View.Font("Sans Serif", 12.0)
View.Font(FontFamily.SansSerif, "10px")

Prior to this RFC the API may have used a large number of method overloads, e.g.

type View =
    static member Font(name: string, ?size: float) = ...
    static member Font(name: string, ?size: int) = ...
    static member Font(name: string, ?size: string) = ...
    static member Font(name: FontFamily, ?size: float) = ...
    static member Font(name: FontFamily, ?size: int) = ...
    static member Font(name: FontFamily, ?size: string) = ...

View.Font("Sans Serif", 12.0)
View.Font(FontFamily.SansSerif, "10px")

Alternatively the API may have used tagging or other forms of labelling via object types, e.g.

type FontSize =
    | Float of float
    | String of string

type View =
    static member Font(name: FontFamily, size: FontSize) = ...

View.Font(FontFamily("Sans Serif"), FontSize.Float 12.0)
View.Font(FontFamily.SansSerif, FontSize.String "10px")

NOTE: If written in C# the API may have used op_Implicit conversions, which are not well supported in F# and tend to lead to significant type inference problems (though note this may be improved by other future design additions).

Another use-case is for describing heterogeneous data, e.g.

let data: (string * (int|float|string)) list = 
    [ "name", "Joe"
      "age", 16
      "address", "here"
      "height", "5'10''" ]

Guidance

In general, discriminated unions using labels should be preferred for the majority of F# code, especially implementation code.

An anonymous type-tagged union type should only be considered for when a union is made up of disjoint cases where:

  1. Each case carries one item of significant data

  2. An existing nominal type is available for the data carried by each case and fully describes each case

  3. The union type is non-recursive

  4. There is no possibility that future evolution of the type will involve new cases overlapping with the existing types.

  5. There is some identified, concrete, simply explained benefit over using labelled discriminated unions, e.g. "we have a simpler API with fewer overloads".

  6. There is no possibility that the type will end up being consumed by .Net languages other than F#.

For example, an anonymous type-tagged union should not be considered for the following union type:

type Syntax = 
    | Const of int
    | Empty
    | Combination of Syntax * Syntax

This violates the above on many grounds:

❌ The type int is insufficient to characterise the Const node

❌ The labels carry meaning, e.g.
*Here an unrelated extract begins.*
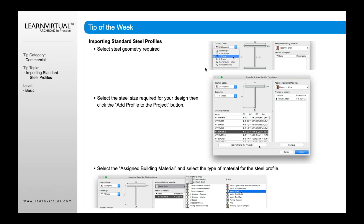What it does is it takes and imports these profiles into your Profile Manager. So I'm going to select, in this case, T-Shape — the WT T-Shape that I want to bring in. Again, make sure you assign it the right material as well. A basic brick is probably not what you want to assign to a steel element, so go down here and change the material to Metal Steel.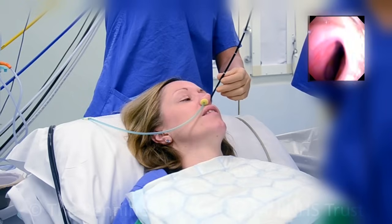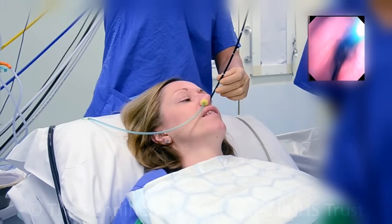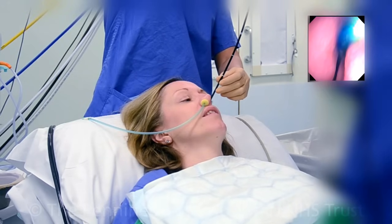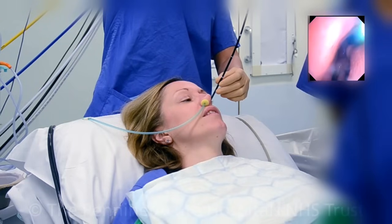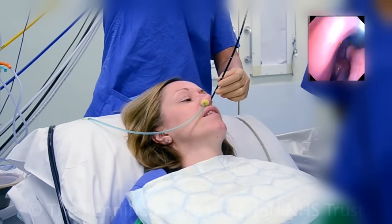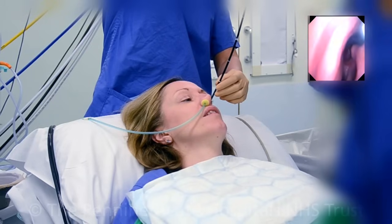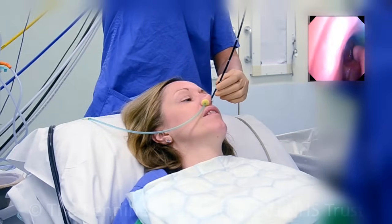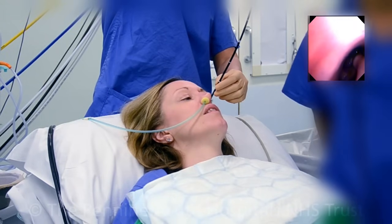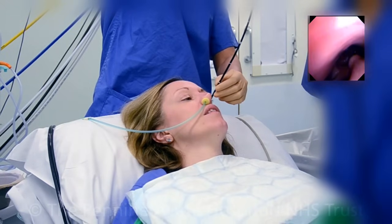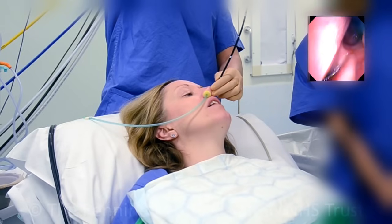Now that your nose and mouth are completely numb, a fine camera is inserted into the preselected nostril. It is small and thin enough to go through your nose and into your windpipe without discomfort. The passage of the camera through your airway to the windpipe can be viewed on a television screen.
Const is important information in constituting that case.

❌ Future additions to the syntax could easily add a new, different case carrying int.

❌ The type is recursive

❌ The case Combination carries multiple data elements

In contrast the following type is a reasonable candidate for replacing with (int|string|float):

type FontSize = 
    | Int of int
    | String of string
    | Float of float

✔️ Each case carries one item of significant data

✔️ The labels are essentially meaningless given the types

✔️ An existing nominal type is available for the data carried by each case and fully describes each case

✔️ The union type is non-recursive

✔️ There is no possibility that future evolution of the type will involve new cases overlapping with the existing types.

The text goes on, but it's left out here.